集合的無意識とは、心理学者ユングの研究によるもの。人々の行動を支配する無意識なものには、本能的なものや祖先の経験した行動様式や経験が遺伝的に受け継がれるとされている。中国人の集合的無意識は、前記の魯迅が指摘したように、5つの項目に分けられるという。

 

私はかねてから、中国人の特色として3点上げてきた。

   中国の歴史は4000年

   中国の国土は世界有数

   中国の人口は世界一

以上の3点に基づいて、中国が世界一の存在であると自惚れていることだ。
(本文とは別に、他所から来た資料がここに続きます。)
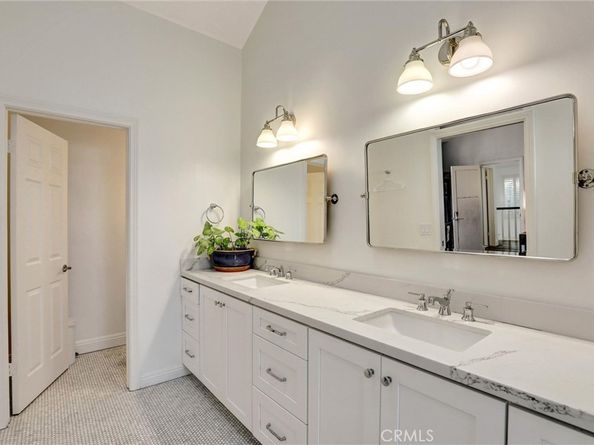 2134 Sabot, Costa Mesa CA 92627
特に、最高指導部にその傾向が顕著であり、習近平氏はその権化と見てきた。ここへ国粋主義者が側近へ加われば、火に油を注ぐようなもの。今回の米中貿易戦争は、国粋主義者にとって恰好の「肝試し」になっているはずだ。

 

中国は、米中貿易戦争についての中国の立場を明らかにした。

 

『人民網』(9月26日付)は、「中米経済貿易関係の事実を正確に認識すべき」と題する白書を掲載した。

 

「中米の経済貿易関係の現実は、過去数10年間の双方協力の結果であり、経済グローバル化の中で双方が国際化に適応して取り組んできた結果だ。これを変えることは誰にもできない。中国側の発表した白書は、事実を基に次の点を厳かに告げた。

   貨物貿易の貿易収支だけを見て中米経済貿易関係の得失を一方的に評価判断してはならない。
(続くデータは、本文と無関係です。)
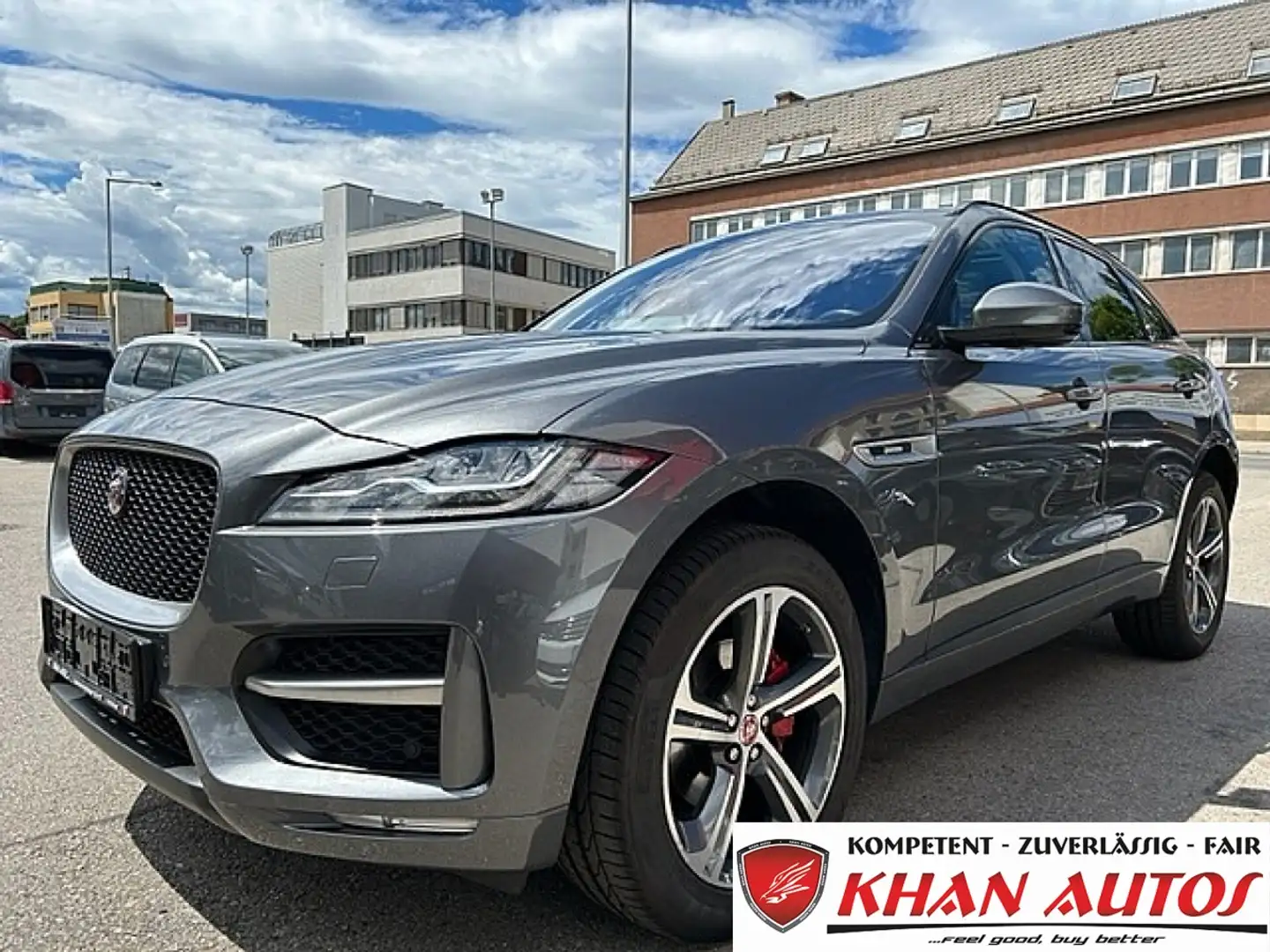 Jaguar F-Pace 20d AWD R-Sport Aut. *Leder*Navi*DynamicPaket* Grau - 1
   世界貿易機関(WTO)の互恵の原則から離脱して平等な貿易を論じてはならない。

   契約の精神に背き中国が強制技術移転を行っていると非難してはならない。

   中国が知財権保護で行ってきた非常に大きな努力と成果を抹殺してはならない。

   中国政府による企業の海外進出の奨励を歪曲して企業の合併買収(MA)を通じた先端技術の獲得を推進する政府の行為の一種だとみなしてはならない。
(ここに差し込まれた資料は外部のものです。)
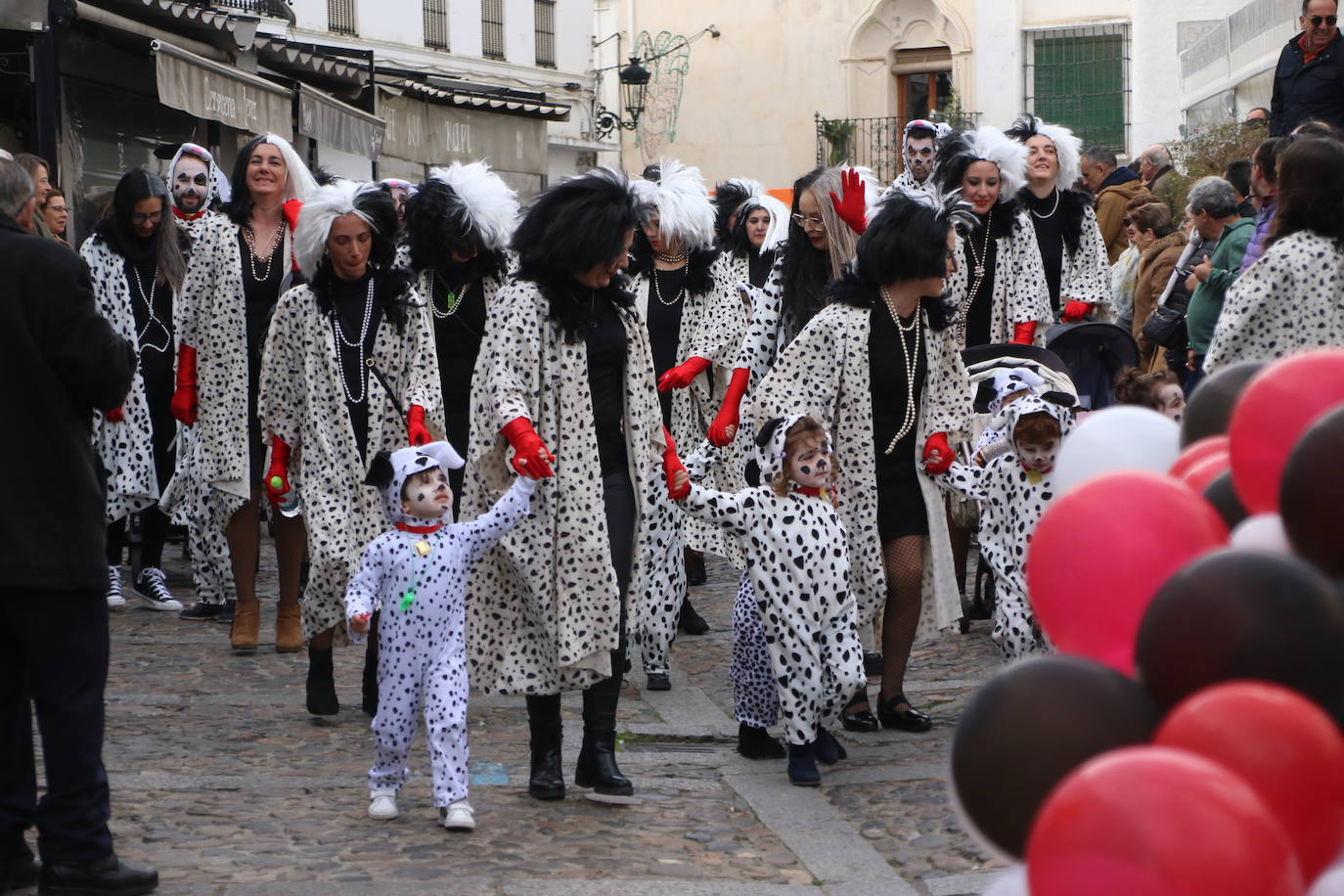 Fotos: Arranca el Carnaval en Jerez de los Caballeros con el desfile de los centros educativos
   WTOルールを離脱して中国の補助金政策を非難してはならない。

これら6つの『してはならない』は全て十分な事実に基づくものだ。米側が選択的に無視しないことを望む」

以上の6つの「べからず集」を見ると、中国が全て正しい。間違っているのは米国であるという立場を貫いている。これぞ、まさに中国の集合的無意識を示している。

 

上記のうち、①は正しい。貿易収支の調整は二国間で行なうものでなく多国間でやるべきだ。これには大きな前提がある。WTOの規定する自由貿易原則=補助金支給がゼロというルールを守ることだ。米国が怒っているのは、中国がこの大前提を守らず違反していることにある。この「べからず集」について、米国が一笑に付しているのは、それらを覆す事実が次々に提示されているからだ。私のブログでも毎日、その違反事例を取り上げている。

 

こういう「シラを切る」ことで、中国の国際的な信用は地に墜ちているのだ。そのことに気付くべきである。欧州も中国へ「縁切れ状」を渡す準備をしている。日本は、いざとなれば欧米に同調する。自由と民主主義を国是としている日本が、その真逆を行く中国と同一行動を取れないのは当然のことだ。こうなると、中国の味方になる有力国は一つもない。いくら力んで、「中国が絶対正しい」と言い張っても聞く耳を持つ国はない。この現実を冷静に受入れるべきであろう。